Il “capobanda” era K.A. di 42 anni, una sorta di “imprenditore della coca”. Secondo la ricostruzione della Procura, PM Amara prima, Ausiello poi, era lui a gestire la manovalanza di giovani pusher provenienti dall’Albania: ragazzi che venivano portati in Italia con visto turistico e avviati all’attività di smercio in strada.

Si comportava come una sorta di datore di lavoro, gli trovava l’alloggio, avendone tre in disponibilità, grazie ad un prestanome, un albanese regolare sul territorio, incensurato, titolare di contratti di affitto in Via Cenni, in Via Pecchioni e in Via Zarotto, dava le direttive agli ‘operai’ della droga che si muovevano in bicicletta per consegnare ai tanti clienti, molti dei quali italiani, oppure li ricevevano a domicilio.

Le indagini hanno permesso di verificare, nel periodo tra il novembre del 2016 e il marzo del 2017 ben 2060 cessioni, che hanno portato ad un giro di affari di oltre 160 mila euro. Vendeva cocaina di qualità, si era fatto la nomea di averla buona, e chiedeva 80 euro al grammo.

Il denaro, guadagnato grazie allo spaccio, non rimaneva in Italia ma veniva trasferito, utilizzando strumenti come i Money Transfer e i Western Union in Albania: qui K.A. si stava costruendo una grande villa. 

K.A. era un frequentatore abituale di un noto bar di Via Emilia Est: qui amava bere brandy “Stravecchio” fin dalle prime ore della mattina, raccontando alle bariste della grande casa che stava costruendo in Albania, di cercare una donna delle pulizie, intrattendendole anche con battute e convivialità.

In alcuni casi erano gli stessi genitori a spingere per l’arrivo dei figli: dopo i tre mesi di visto ritornavano a casa. In questo periodo lavoravano per lui, che si comportava come un vero e proprio datore di lavoro, promettendo laudi guadagni per il lavoro “temporaneo” al permesso di soggiorno.

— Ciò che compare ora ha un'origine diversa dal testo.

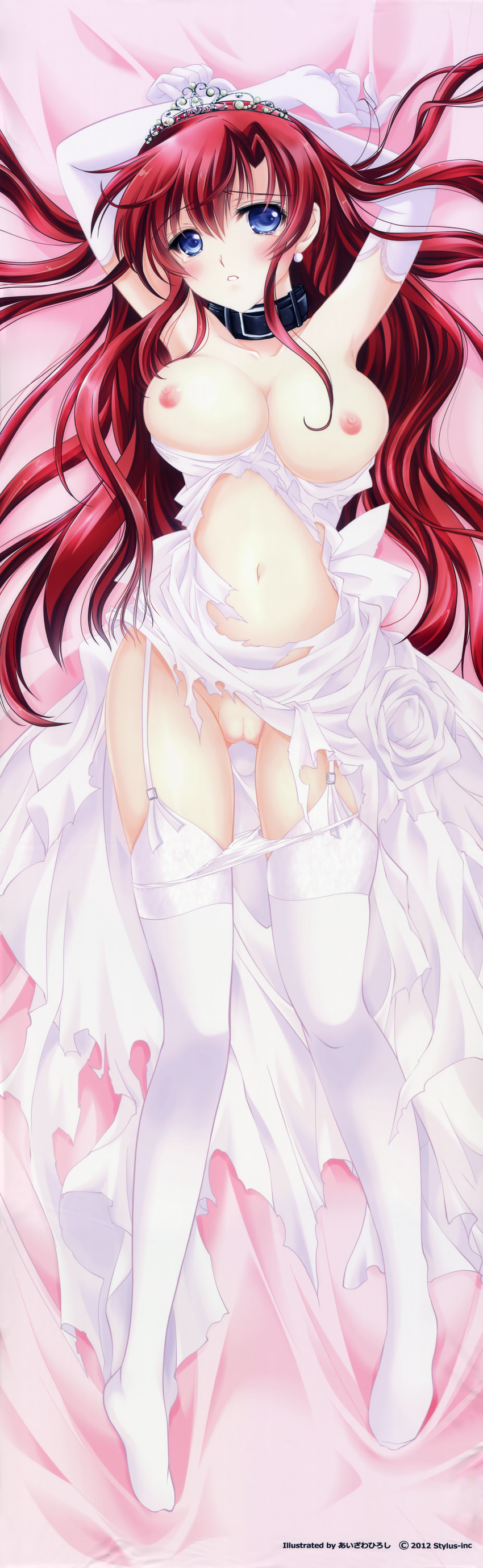 absurdres aizawa_hiroshi armpits arms_up blue_eyes breasts collar crown dakimakura dress earrings elbow_gloves full_body garter_straps gloves highres huge_filesize jewelry large_breasts legs navel nipples no_bra panties panty_pull pussy red_hair solo tears thighhighs torn_clothes underwear wedding_dress white_legwear white_panties yuuki_nozomi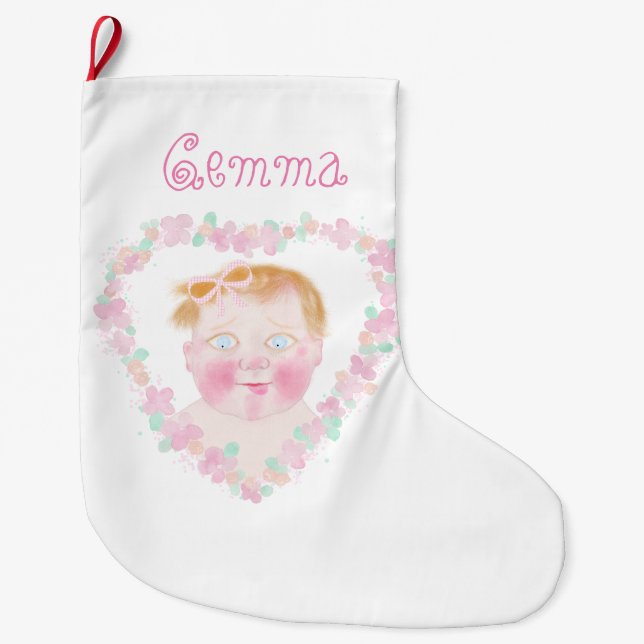 Personlig söt bebis julstrumpa (Framsidan)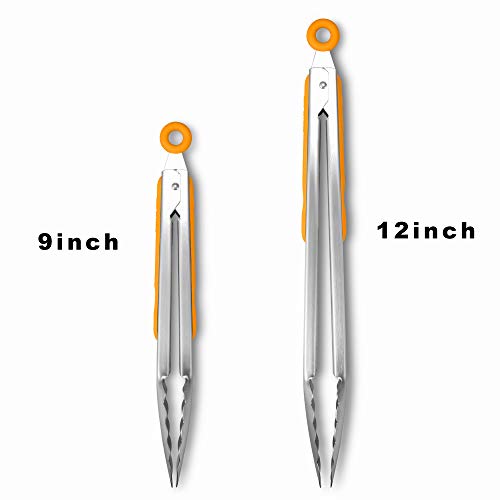 Premium 304 Stainless Steel Tongs Set (9" & 12" / Orange)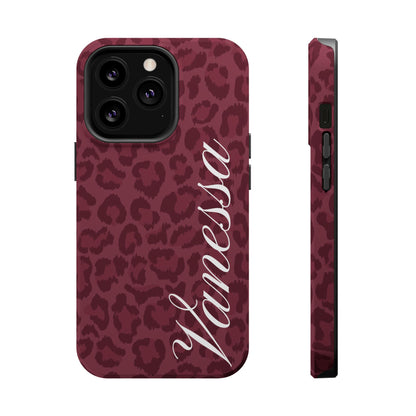 Custom Burgundy Leopard iPhone Case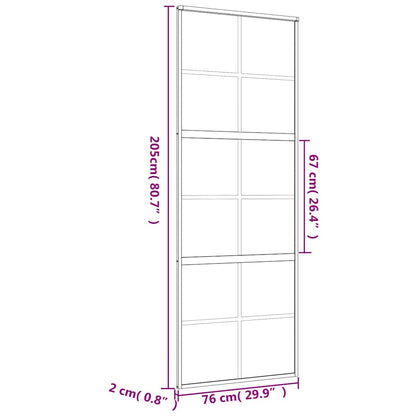 Schiebetür Golden 76x205 cm ESG-Klarglas und Aluminium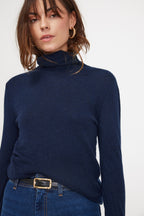 Pull Col Roule Zoe - Bleu Marine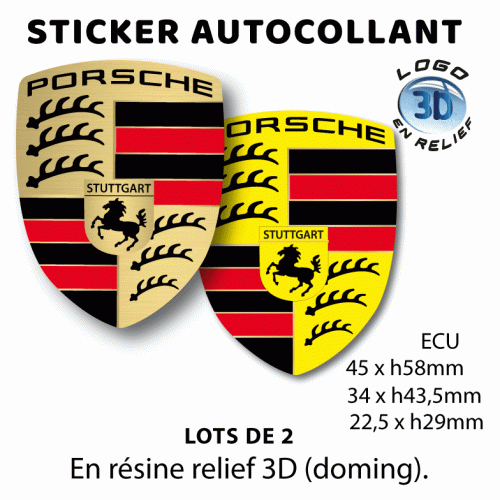 Autocollants stickers logo PORSCHE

In alcuni casi, quando il 42enne sospettava che qualche pusher facesse la cresta sul prezzo della dose di cocaina, ha preso provvedimento, facendo subito tornare i ragazzi in patria: “Per me torneranno in Albania a mangiare letame, perché non hanno la mia fiducia” riporta una delle intercettazioni. In un altro caso ha consigliato ad un suo parente di non fare arrivare il nipote, visto i troppi rischi che si correvano.

Ma il 42enne era “uomo d’affari” senza scrupoli. Dopo l’arresto di due suoi cavallini, per esempio, queste le parole che i militari hanno intercettato: “Non me ne frega un c…o di loro. Io non ho paura di nessuno”. Sfrontato, irriverente, senza nessuna paura delle forze dell’ordine. Questo quanto emerso dalle indagini.

Nessuno, secondo l’albanese, avrebbe potuto risalire a lui. Il suo nome non compariva nel trasferimento del denaro, lui non si occupava di spacciare in strada, non era lui che andava a prendere all’aeroporto i ragazzi. Non rintracciabile quindi, tranne che dai Carabinieri, risaliti a lui solo dopo un lungo lavoro.

In carcere, oltre a K.A., tre “cavallini”: B.F, 25 anni, T.K, 23, S.H, 26, tutti albanesi, tutti provenienti dallo stesso paese di K.A.

Altri due sono ricercati, probabilmente già rientrati in patria, tre persone sono invece state denunciate per riciclaggio (il trasferimento del denaro in Albania) e favoreggiamento: uno di essi era l’intestatario del contratto di affitto degli appartamenti.